For Bruce Strickrott, Alvin’s chief pilot and the leader of the expedition, these sorts of missions to the bottom of the world are a regular part of life. Since he first started working on Alvin as an engineer nearly 25 years ago, Strickrott has logged more than 2,000 hours in the deep ocean, where he learned to expertly navigate the seabed’s alien landscape and probe for samples with the submarine’s spindly robotic arms. Alvin makes dozens of trips to the seabed every year, but the mission to the methane seep this spring marked a milestone in Strickrott’s career as an explorer: It was the last time that the sub would have meaningful limits on how deep it could dive.

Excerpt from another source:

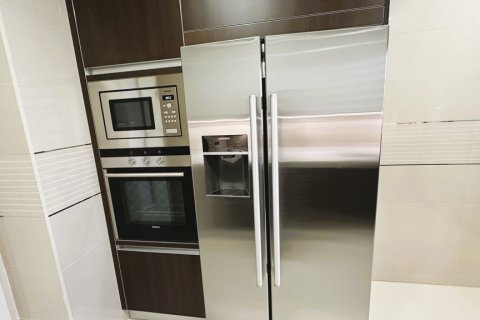 Apartment for rent Pozuelo de Alarcon, Madrid, Spain 3 bedrooms, 134 sq.m. No. 124740 - photo 16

Since the end of that expedition, Alvin has been ashore getting a major upgrade at the Woods Hole Oceanographic Institution in Massachusetts, which operates the submersible on behalf of the US Navy. By the time Alvin’s makeover is wrapped up in late 2021, the storied submarine will rank among the most capable human-rated deep sea submersibles in the world. When Alvin hits the water again next autumn for a trip into abyssal trenches near Puerto Rico, Strickrott will be among the first to pilot what is effectively a brand new vessel. During that trip, he and a team of oceanographers and US Navy observers will push the submarine to 6,500 meters—far deeper than it has ever gone before.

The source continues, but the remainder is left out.